Session 4 de la Convention citoyenne sur les temps de l'enfant : échanges avec des experts et perspectives territoriales
Une session pour affiner les réflexions sur les rythmes de l'enfant
Les citoyennes et citoyens tirés au sort dans le cadre de la Convention citoyenne sur les temps de l'enfant ont franchi une nouvelle étape. Organisée par le CESE (Conseil économique, social et environnemental), cette quatrième session a permis aux participants de poursuivre leurs travaux en petits groupes, confrontant leurs idées et bénéficiant de l'expertise de professionnels reconnus du secteur éducatif et territorial.
Des experts pluridisciplinaires mobilisés pour éclairer les débats
La richesse de cette session repose sur la diversité des intervenants sollicités pour nourrir la réflexion collective. Les participants ont pu échanger avec :
- Jean-Paul Delahaye, ancien directeur général de l'enseignement scolaire (DGESCO), a apporté son expertise sur les politiques éducatives nationales
- Didier Georges, proviseur de l'école hôtelière de Paris (lycée Jean Drouant) et secrétaire national Métier du SNPDEN UNSA, a partagé la vision des personnels de direction
- Ariane Azéma, inspectrice générale de l'Éducation, du Sport et de la Recherche, a éclairé les enjeux institutionnels
- Nicolas Lamour, adjoint au DGA en charge de la culture et du PESL à Cherbourg-en-Cotentin
- Caroline Breillat, coordinatrice du Projet éducatif social local (PESL) à la Communauté de communes Coutances Mer et Bocage (Normandie)
- Bruno Jarry, directeur général de l'association CLAVIM d'Issy-les-Moulineaux et vice-président de la Fnepe
- Grégoire Ensel, vice-président de la FCPE et membre de la commission « calendrier scolaire »

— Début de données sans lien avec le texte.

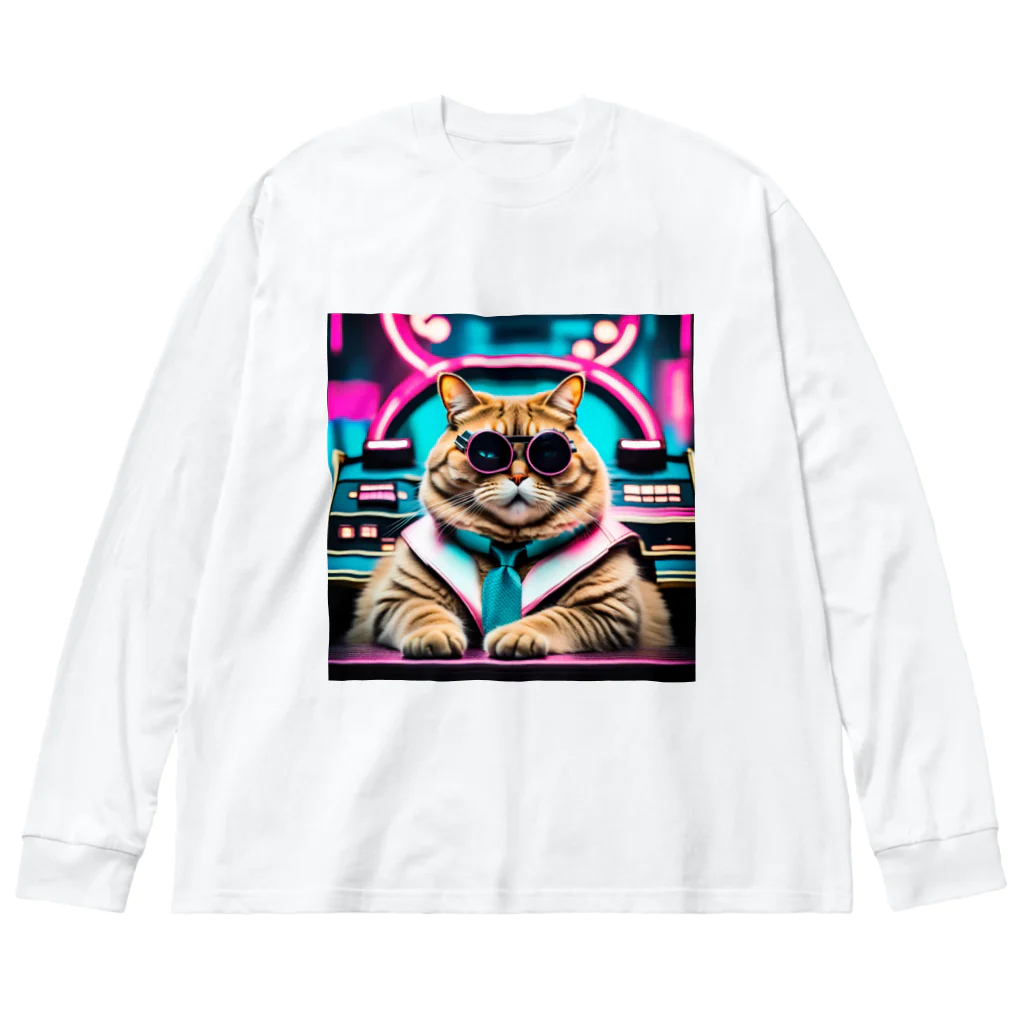 aoking_の近未来猫 Big Long Sleeve T-Shirt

- Mathieu Bellay, co-directeur stratégie et partenariats du Réseau Français d'Éducation à la nature et à l'environnement (FRENE)
- Djéhanne Gani, rédactrice en chef du Café pédagogique
- Elisabeth Tomé-Gertheinrichs, conseillère au CESE et représentante du MEDEF
Les spécificités territoriales au cœur des discussions
Un moment particulièrement attendu de cette session a été la présentation des conclusions des ateliers organisés dans toute la France. Ces remontées territoriales ont révélé :
- La diversité des réalités locales en matière de rythmes scolaires et périscolaires
- Les points de convergence qui émergent malgré les différences géographiques et socio-économiques
- Les bonnes pratiques expérimentées sur certains territoires
Cette approche territoriale permet d'enrichir la réflexion nationale en s'appuyant sur des expériences concrètes et des besoins identifiés localement.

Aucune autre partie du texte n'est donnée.